Aspect 16. The method of aspect 15, wherein the at least one oxide comprises SiO2.
Aspect 17. The method of aspect 15, wherein the shell has a thickness of from about 0.5 nm to about 20 nm.
Aspect 18. The method of aspect 16, wherein the thickness is about 5 nm.
Aspect 19. The method of aspect 1, wherein a shell of the core-shell nanoparticle further comprises a dopant.
Aspect 20. The method of aspect 19, wherein the dopant comprises gold, platinum, palladium, copper, rhenium, ruthenium, or any combination thereof.
Aspect 21. The method of aspect 19, wherein the dopant is present in an amount of from about 0.1 wt % to about 10 wt % relative to the total weight of the nanoparticles.
Aspect 22. The method of aspect 21, wherein the dopant is present at about 5 wt % relative to the total weight of the nanoparticles.
Aspect 23. The method of aspect 1, wherein the core-shell nanoparticles are present in an amount of about 5 mg.
Aspect 24. The method of aspect 1, wherein the mixture is irradiated using light.
Aspect 25. The method of aspect 1, wherein the light has a wavelength from about 320 nm to about 780 nm.
Aspect 26. The method of aspect 24, wherein the mixture is irradiated using 365 nm UV light.
Aspect 27. The method of aspect 24, wherein the light has a flux greater than about 10 mW/cm2.
Aspect 28. The method of aspect 27, wherein the light has a flux of from about 130 to about 470 mW/cm2.
Aspect 29. The method of aspect 1, wherein the method is carried out at a temperature of from about 0 to about 70° C.
Aspect 30. The method of aspect 1, wherein the method is carried out as a batch process or a continuous process.
Aspect 31. The method of aspect 30, wherein the method is carried out as a continuous process for from about 10 minutes to about a 24 hours.
Aspect 32. The method of aspect 19, wherein a core of the core-shell nanoparticle comprises TiO2, wherein the shell of the core-shell nanoparticle comprises SiO2, and wherein the dopant comprises gold and palladium.
Aspect 33. The method of aspect 19, wherein the oxidant comprises O2.
Aspect 34. The method of aspect 1, wherein a core of the core-shell nanoparticle comprises TiO2, wherein a shell of the core-shell nanoparticle comprises SiO2, and wherein the oxidant comprises H2O2.
Aspect 35. The method of aspect 1, wherein the alkane comprises methane and the one or more oxidized alkane species comprises formic acid, formaldehyde, methanol, methyl hydroperoxide, carbon dioxide, or any combination thereof.
Aspect 36. The method of aspect 35, wherein an amount of methanol produced is at least 4 times greater than an amount of carbon dioxide produced.
Aspect 37. The method of aspect 35, wherein an amount of carbon dioxide produced is less than 2 mmol per grams of core-shell nanoparticle per hour relative to a total amount of oxidized alkane species produced.
Aspect 38. The method of aspect 1, wherein the alkane comprises ethane and the one or more oxidized alkane species comprises acetic acid, acetaldehyde, ethanol, or any combination thereof.
Aspect 39. An oxidized alkane produced by the method of aspect 1.
The following examples are put forth so as to provide those of ordinary skill in the art with a complete disclosure and description of how the compounds, compositions, articles, devices and/or methods claimed herein are made and evaluated, and are intended to be purely exemplary of the disclosure and are not intended to limit the scope of what the inventors regard as their disclosure.

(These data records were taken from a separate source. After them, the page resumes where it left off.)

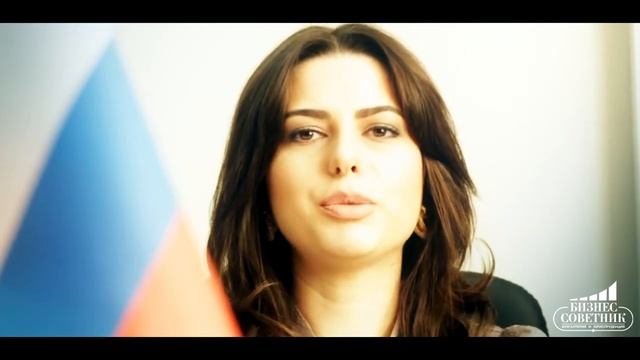 Компания Бизнес-Советник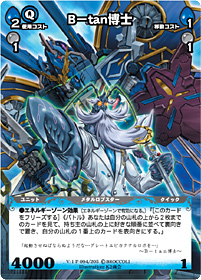 Dimension-Zero Official Home Page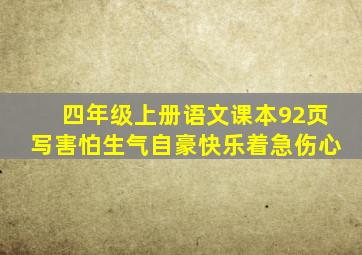 四年级上册语文课本92页写害怕生气自豪快乐着急伤心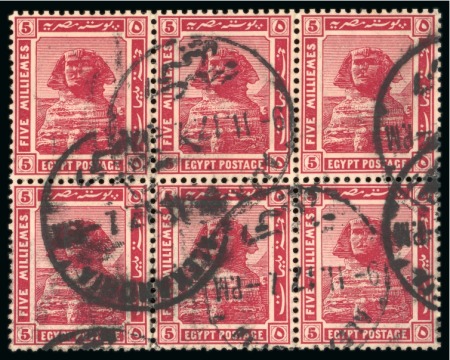 Stamp of Egypt » Booklets » The Pictorials & Crown Overprints (Nile Post SB4 to SB8) 125m. booklet: three used booklet panes of the 5m.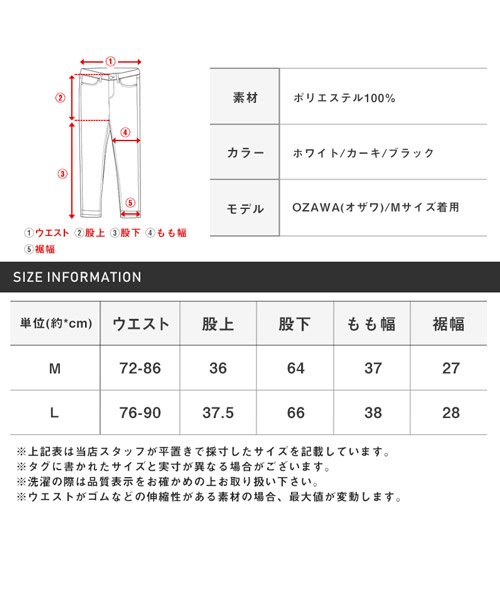 LUXSTYLE(ラグスタイル)/バイカラーポケットナイロンカーゴパンツ/カーゴパンツ メンズ ワイドパンツ ナイロン 配色 バイカラー ワークパンツ/img23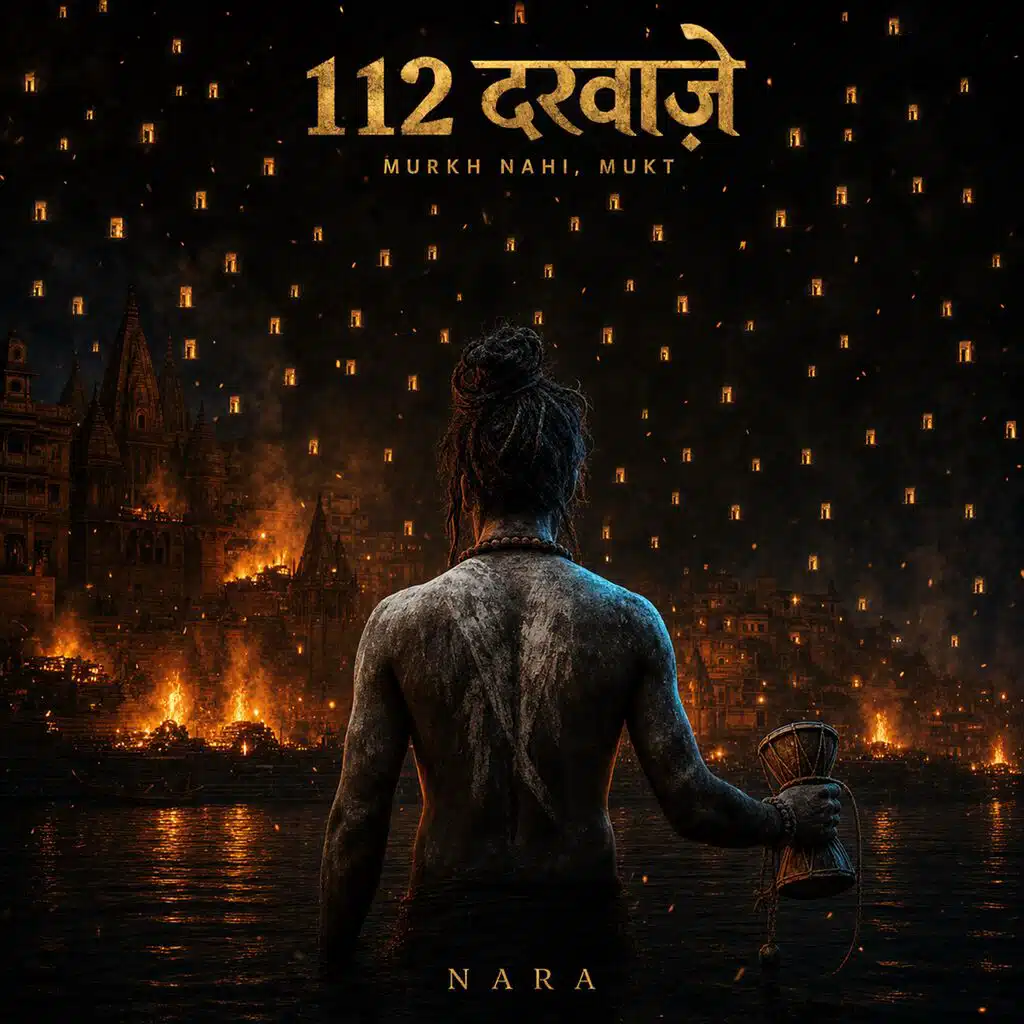 112 Darwaze, Vol. 1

Efforts have been made to ensure accuracy with respect to numbers (e.g., amounts, temperature, etc.), but some errors and deviations should be accounted for. Unless indicated otherwise, parts are parts by weight, temperature is in ° C. or is at ambient temperature, and pressure is at or near atmospheric.
Herein, a core-shell type photocatalytic architecture for methane oxidation with high yields and selectivity has been developed. In this architecture, the TiO2 core is coated with a nanoscopic shell that selectively blocks methanol without greatly hindering methane conversion. This transport selective architecture is composed of an amorphous SiO2 layer with decorated AuPd nanoparticles (SiO2—AuPd). While the intended purpose of the incorporation of AuPd nanoparticles in the design was because of its well-known role in methanol formation, it serves a second role in this photocatalytic architecture by allowing for the diffusion of species necessary for methane oxidation. Under a UV flux of 130 mW/cm2, TiO2@SiO2—AuPd produced 15.4 mmol/gcat·h of liquid oxygenates with 94.5% selectivity at 9.65 bar total pressure of CH4 and O2. At this reaction condition, its SiO2-free counterparts (AuPd/TiO2) produced CO2 as the major product. Due to the protective silica layer, the high oxygenates selectivity can be maintained at various reaction conditions, which enables the use of higher UV flux (470 mW/cm2) to produce 21.3 mmol/gcat·h of oxygenates with 80% selectivity. The working principle of the catalyst was further elucidated by a series of systematic studies varying the catalyst structure and reaction conditions. It is also shown that this core-shell catalyst design is generalizable for selective oxidation of other alkanes.
The silica shell was prepared using a modified Stöber method on P25 TiO2 (denoted as TiO2@SiO2) with tunable thickness. AuPd colloids were loaded onto TiO2@SiO2 (denoted as TiO2@SiO2—AuPd), followed by calcination in air at 350° C. (
Transmission electron microscopy (TEM), energy-dispersive X-ray spectroscopy (EDS), and X-ray diffraction confirmed that the TiO2 nanoparticles were fully encapsulated by a uniform amorphous SiO2 shell with about 5 nm thickness (
Photocatalytic experiments were performed at room temperature (25±3° C.) in a batch reactor with 6.9 bar CH4 and 2.75 bar O2 (
aEntry 8: reaction is performed without light illumination (dark condition).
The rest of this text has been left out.